Ed did his Army basic training at Ft Bragg, NC, and then completed advanced infantry training at Ft Polk, LA. He began his Vietnam tour with A 1/35th in July 1967.
Ed had a talent for writing, a dry wit, and a vast propensity for helping others. His Roman Catholic faith was an important facet of his life. Ed's memory is cherished by his mother and stepfather, Anne and George Dunsey, by his brothers, George and Patrick Dunsey, and by the many relatives and friends he touched with his kind and
(by Dick Arnold)
Eddie was a proud member of Company A, 1/35 Infantry, 4th Infantry Division. Killed with ten others over a nameless little hill NW of Mary Lou, Quang Tin Province, 10/9/67
As we were approaching the hill Eddie mentioned to someone that it reminded him of a hill near his house in Pittsburg.
I remember him as short, with red hair--just an average guy trying to do his best and get back home.
Eddie died with several others, right above me after our part of the platoon was overran. Tony Taschler put a rosary in his hand the next morning.
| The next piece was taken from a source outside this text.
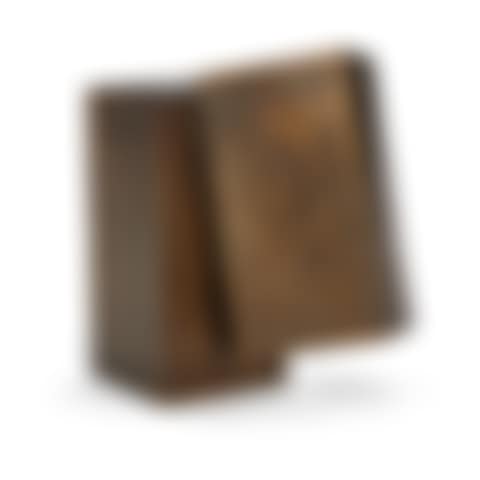 The National Book Award for Fiction (preview)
GENERAL ORDERS NUMBER 3516 AWARD OF THE BRONZE STAR MEDAL FOR HEROISM
For heroism in connection with military operations against an armed hostile force in the Republic of Vietnam. On 9 October 1967, Private First Class Blotzer distinguished himself while serving as a Rifleman in Company A, 1st Battalion, 35th Infantry, conducting a search and destroy operation mission near Phouc Son. Private First Class Blotzer's platoon was progressing up the side of a jungle-covered mountain when it was taken under automatic weapons fire from a reinforced North Vietnamese Army company. The enemy was firing from prepared positions, well concealed in the thick vegetation, and their intense fire killed several in the platoon instantly. The platoon leader moved forward and attempted to destroy the strongpoints which were holding the platoon in check. As he returned from his foray, he was struck by enemy fire. Observing this, Private First Class Blotzer ran through the hail of hostile fire to the side of the fallen platoon leader. He started to move the wounded officer to a more protected position, be he was mortally wounded in his heroic attempt. Private First Class Blotzer's inspiring personal bravery and self-sacrificing courage are in keeping with the highest traditions of the military service and reflect great credit on himself, his unit, and the United States Army.